Investigating Kinetic Pathways During Solvent Vapor Annealing with Soft Shear via In Situ Small-Angle Neutron Scattering

Solvent vapor annealing with soft shear (SVA-SS) is a block polymer (BP) thin film annealing technique that directionally aligns nanostructures by exploiting solvent swelling/deswelling differences between the film and a polydimethylsiloxane (PDMS) pad adhered to the free surface. Although studies have demonstrated the potential of SVA-SS to generate well-aligned domains, the restructuring mechanism and effect of key parameters requires investigation to improve control over self-assembly. In this work, we conducted in situ small-angle neutron scattering experiments to explore the kinetic pathways of nanostructure alignment of poly(d-styrene-b-isoprene-b-d-styrene) thin films during SVA-SS. We compared results to SVA (without shear) and determined that alignment occurred through domain breakup and reformation initiated by PDMS swelling and deswelling, respectively.
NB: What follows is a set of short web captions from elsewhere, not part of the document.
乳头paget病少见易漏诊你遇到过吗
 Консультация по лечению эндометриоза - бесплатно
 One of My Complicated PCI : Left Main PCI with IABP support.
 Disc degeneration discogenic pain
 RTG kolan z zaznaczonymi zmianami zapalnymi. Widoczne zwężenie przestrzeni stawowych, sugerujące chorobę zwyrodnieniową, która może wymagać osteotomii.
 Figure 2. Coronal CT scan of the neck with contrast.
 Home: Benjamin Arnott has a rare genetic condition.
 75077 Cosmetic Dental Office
Additionally, changes in parameters such as PDMS elasticity and deswell rate resulted in nonlinear trends in domain directionality and ordering that were not apparent by small-area atomic force microscopy analysis. By relating the key thermodynamic effects to measured kinetic pathways for alignment, we have generated a more optimized approach to direct BP thin film self-assembly using SVA-SS.